A doctor has challenged reports of a baby in Mississippi being “cured” of HIV.
In an opinion piece for the Wall Street Journal, Mark Siedner points out the news of the “cure” spread throughout the globe ahead of the actual presentation of results at the annual HIV conference in Atlanta.
The original news described the case of a child born with the virus that causes Aids, who is now two-and-a-half, and has been off medication for about a year, with no signs of infection.
The child’s mother had had no prenatal care and only discovered she had the virus while in labour.
Usually doctors give the newborn low doses of medication to prevent HIV from taking root, but the rural hospital did not have the liquid available.
Instead this baby was given a cocktail of three drugs already used to treat HIV within 30 hours of its birth.
The individual was lauded as now being “functionally cured”, meaning it is in long-term remission even though there is no guarantee all traces of the virus have disappeared.
But Dr Siedner, who is a postdoctoral fellow in the division of infectious diseases at Massachusetts General Hospital and Harvard Medical School, points out exposure to HIV does not necessarily mean infection.
He wrote:
There has only been one other case of a reported cure, when a patient was given a bone marrow transplant from a donor who had a genetic resistance to the virus.
Two million people die of Aids every year. HIV is estimated to have infected 33 million people worldwide.
Initial reports after the announcement quoted Dr Deborah Persaud, a virologist at Johns Hopkins University in Baltimore, telling the conference: "This is a proof of concept that HIV can be potentially curable in infants.”

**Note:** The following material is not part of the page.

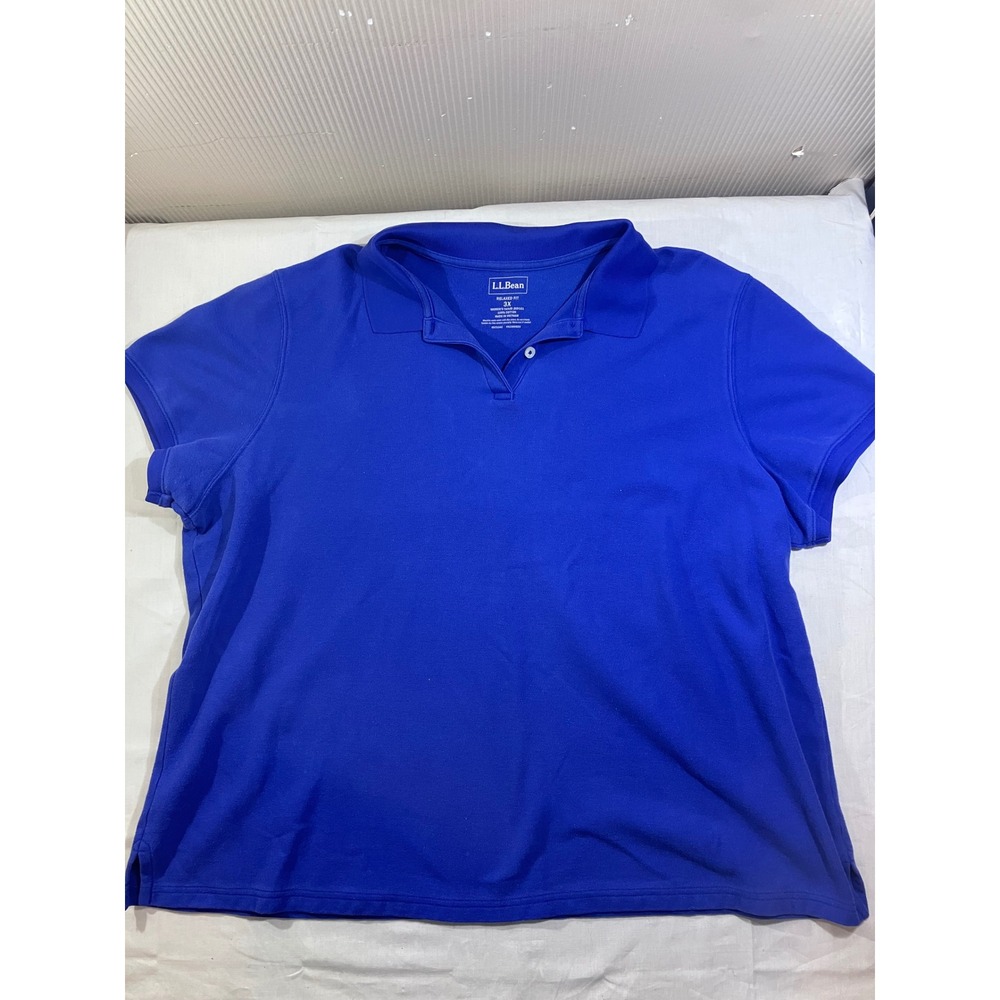 LL Bean Womens 3X Relaxed Fit Polo Shirt Royal Blue Short Sleeve‎ 100% Cotton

"You could call this about as close to a cure, if not a cure, that we've seen," Dr. Anthony Fauci of the National Institutes of Health told The Associated Press.
Dr Hannah Gay, a pediatric HIV specialist at the University of Mississippi, said in an interview: "I just felt like this baby was at higher-than-normal risk, and deserved our best shot.”
Dr. Hannah Gay, a pediatric HIV specialist at the University of Mississippi
Stressing prevention is always better than cure, Dr Gay added: "We can't promise to cure babies who are infected. We can promise to prevent the vast majority of transmissions if the moms are tested during every pregnancy."
But as Dr Seidner writes, the case might not be the breakthrough everyone hoped for because "we will likely never know if those cells were from the child or maternal cells that had been transmitted during pregnancy or birth."
Genevieve Edwards, Director of Health Improvement at Terrence Higgins Trust, said: "In the UK we already have a programme of ante-natal screening for HIV, which means that there are very few babies born with the virus.
“Expectant mothers with HIV are given anti-HIV treatment during pregnancy which together with a low-risk caesarean and no breastfeeding means their babies have a 98% chance of being HIV negative. But this could be of interest where mothers to be are diagnosed with HIV during labour rather than pregnancy.
"The roll-out of anti-retroviral therapy across the developing world has both saved the lives of individuals living with HIV, and also had a real impact on the rates of mother-to-child transmission. In this context, it would seem that success lies in making antenatal testing available and then giving the drugs to the mother to prevent the child getting HIV, rather than hoping the drugs will cure the baby once born HIV positive. But for those babies born with the virus, this may be significant.”